Task prompt: Reproduce the whole of the records exactly, and make sure no picture is carried into the result.

Captioned web image data:
|---|

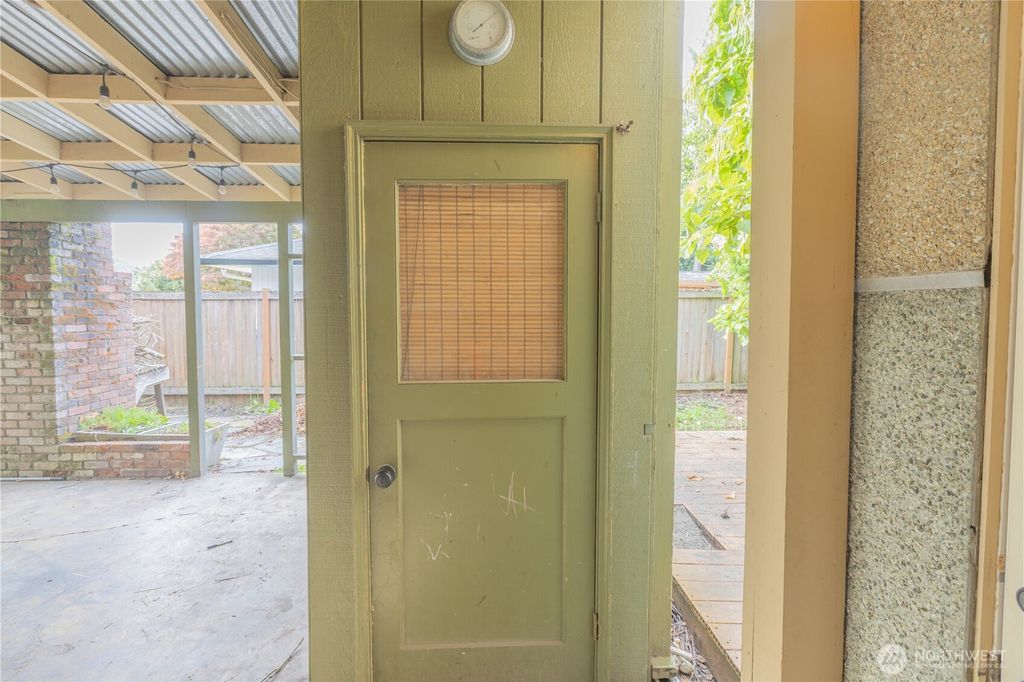 listing image 9365691385854525306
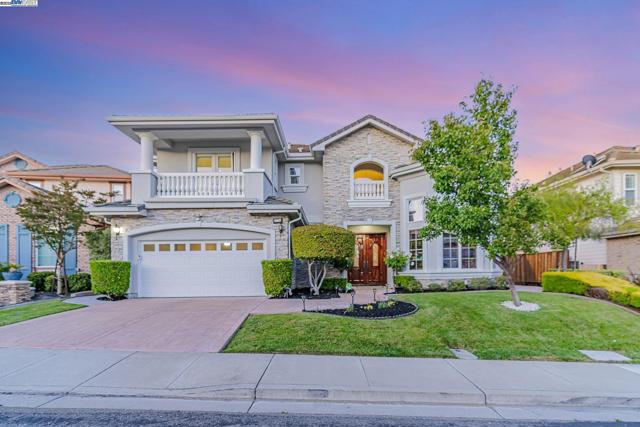 2734 E Sugar Hill Ter, Dublin CA: https://media.crmls.org/mediaz/545ef006-35fa-4706-a320-924946b07c11.jpg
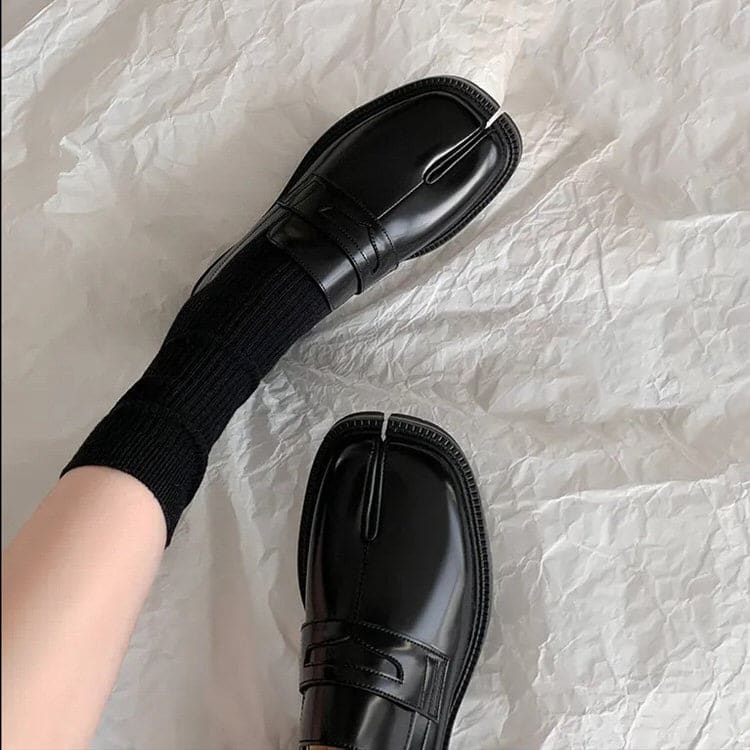 Vintage Split Toe Tabi Loafers - Sneakers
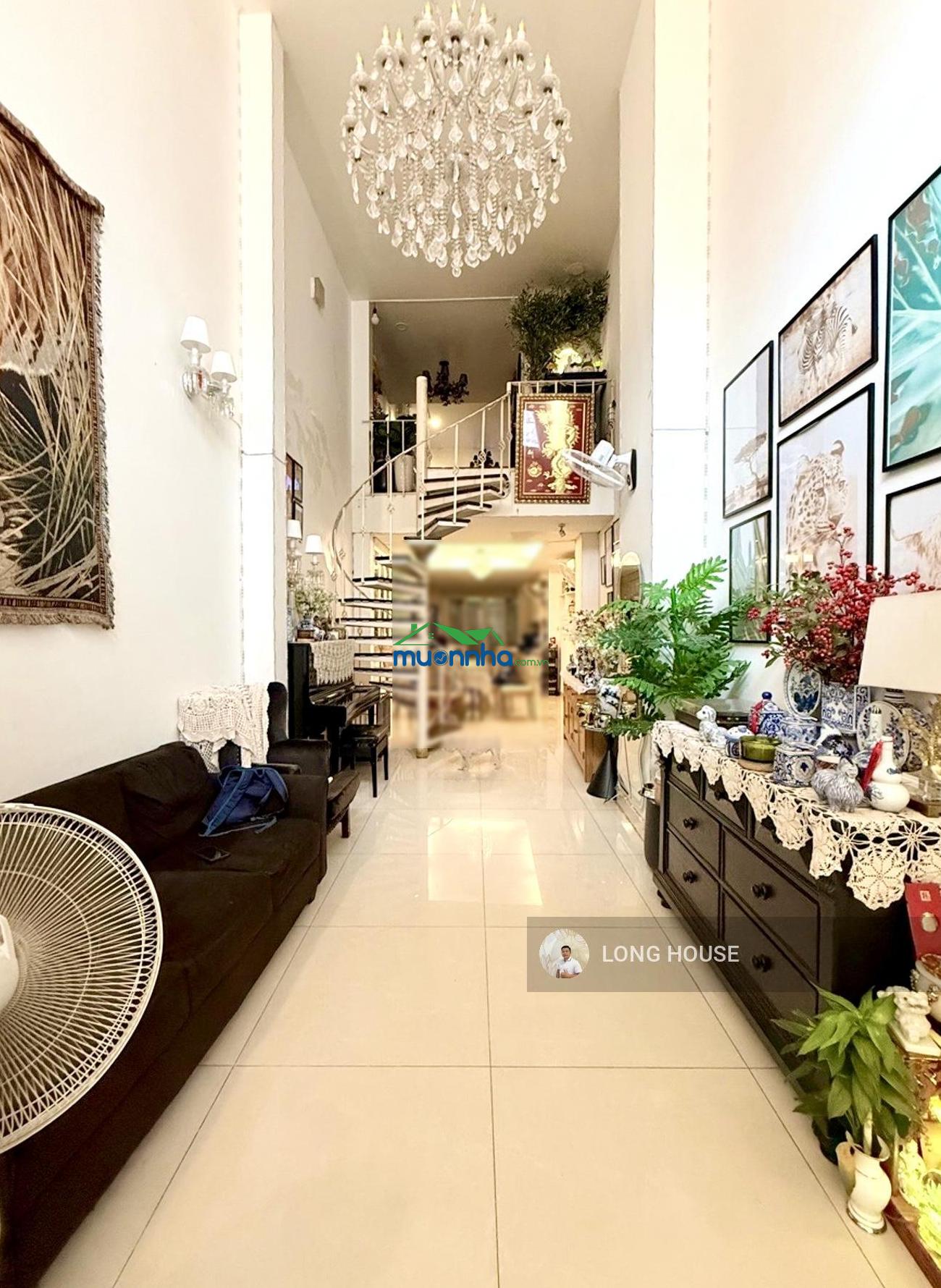 Nhà 5 tầng 70m², oto quay đầu gần nhà, đi bộ 5 tới cầu bông - qua q.1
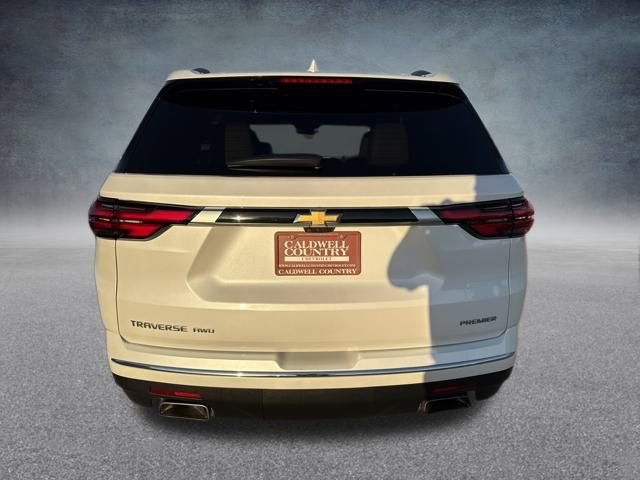 2023 Chevrolet Traverse Premier photo 4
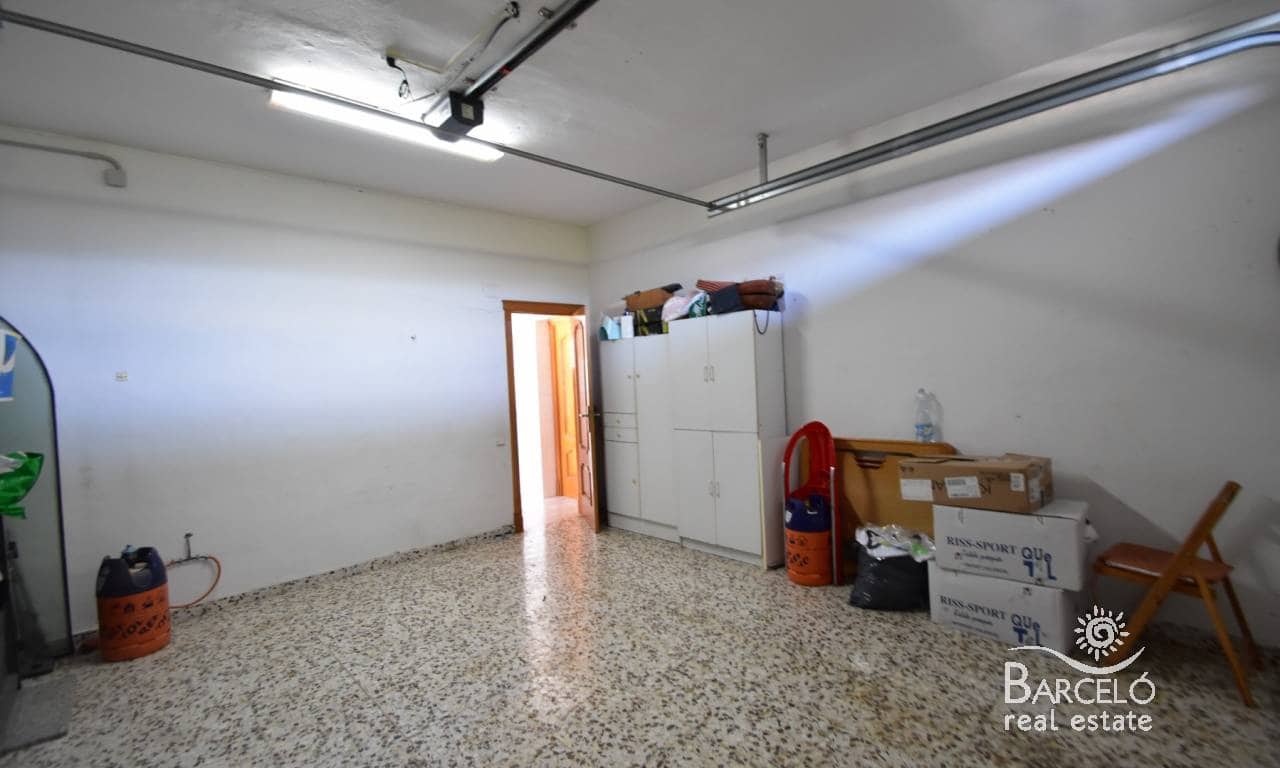 7 bedroom Villa for sale in Redovan with pool garage - € 530,000 (Ref: 9360298)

|---|

Output below:
 listing image 9365691385854525306
 2734 E Sugar Hill Ter, Dublin CA: https://media.crmls.org/mediaz/545ef006-35fa-4706-a320-924946b07c11.jpg
 Vintage Split Toe Tabi Loafers - Sneakers
 Nhà 5 tầng 70m², oto quay đầu gần nhà, đi bộ 5 tới cầu bông - qua q.1
 2023 Chevrolet Traverse Premier photo 4
 7 bedroom Villa for sale in Redovan with pool garage - € 530,000 (Ref: 9360298)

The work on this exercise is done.